◆ **Work instructions**
Return each line below exactly as it reads, and omit any image in it.

━━━ Information supplied ━━━

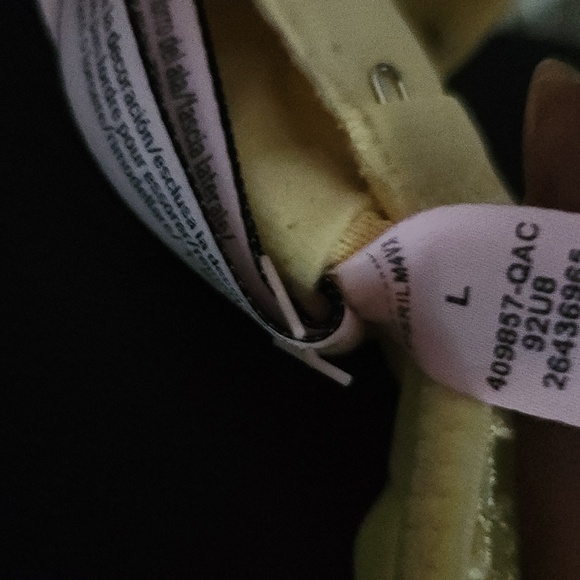 Corset - Picture 4 of 4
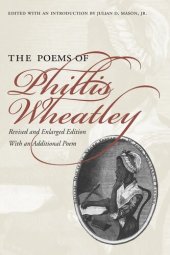 book The Poems of Phillis Wheatley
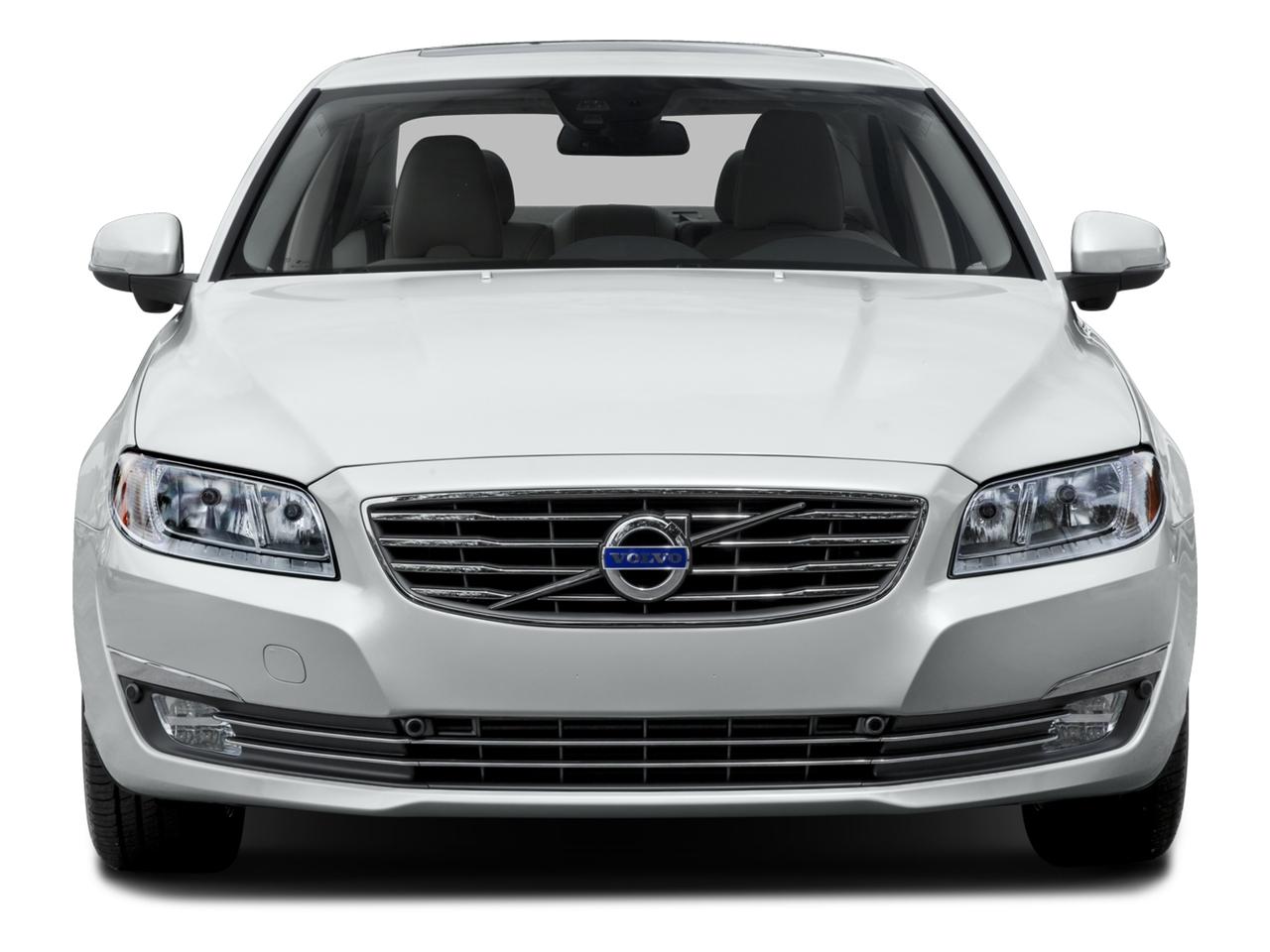2016 Volvo S80 Vehicle Photo in Lancaster, PA 17601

━━━

◆ **Response**
 Corset - Picture 4 of 4
 book The Poems of Phillis Wheatley
2016 Volvo S80 Vehicle Photo in Lancaster, PA 17601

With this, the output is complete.